--- DATA SHOWN Enclosed Below ---
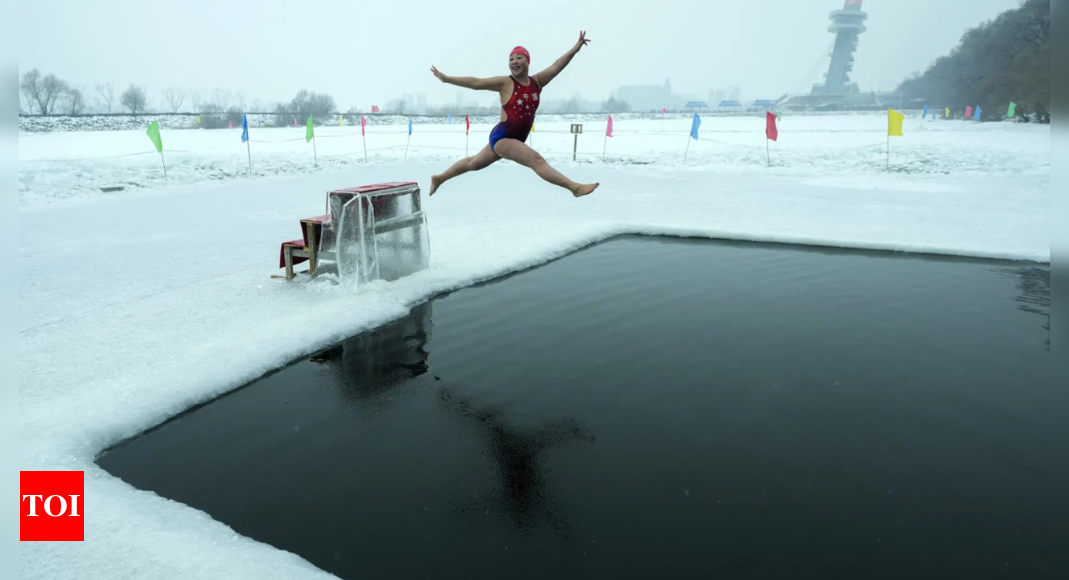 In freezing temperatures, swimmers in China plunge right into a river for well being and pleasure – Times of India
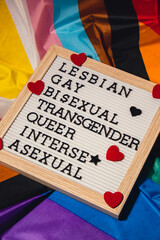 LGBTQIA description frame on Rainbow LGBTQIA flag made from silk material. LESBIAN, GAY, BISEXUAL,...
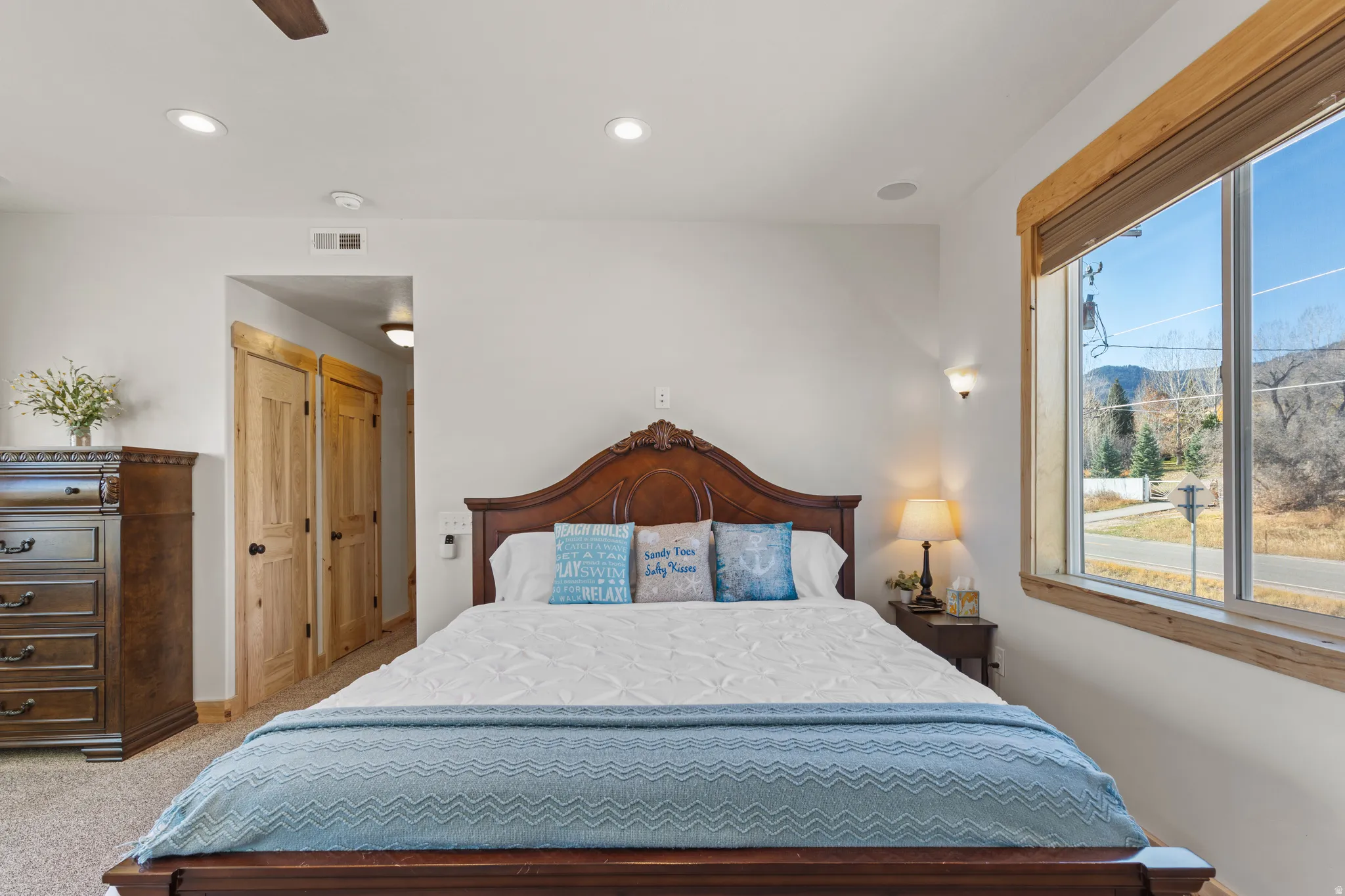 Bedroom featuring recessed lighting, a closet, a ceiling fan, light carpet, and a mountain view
--- End of Enclosed DATA SHOWN ---
| WORK ORDER |
Your task is to return the lines above, from the first one up to and including the line containing "LGBTQIA description frame", minus any pictures.

| EXERCISE ANSWER |
 In freezing temperatures, swimmers in China plunge right into a river for well being and pleasure – Times of India
 LGBTQIA description frame on Rainbow LGBTQIA flag made from silk material. LESBIAN, GAY, BISEXUAL,...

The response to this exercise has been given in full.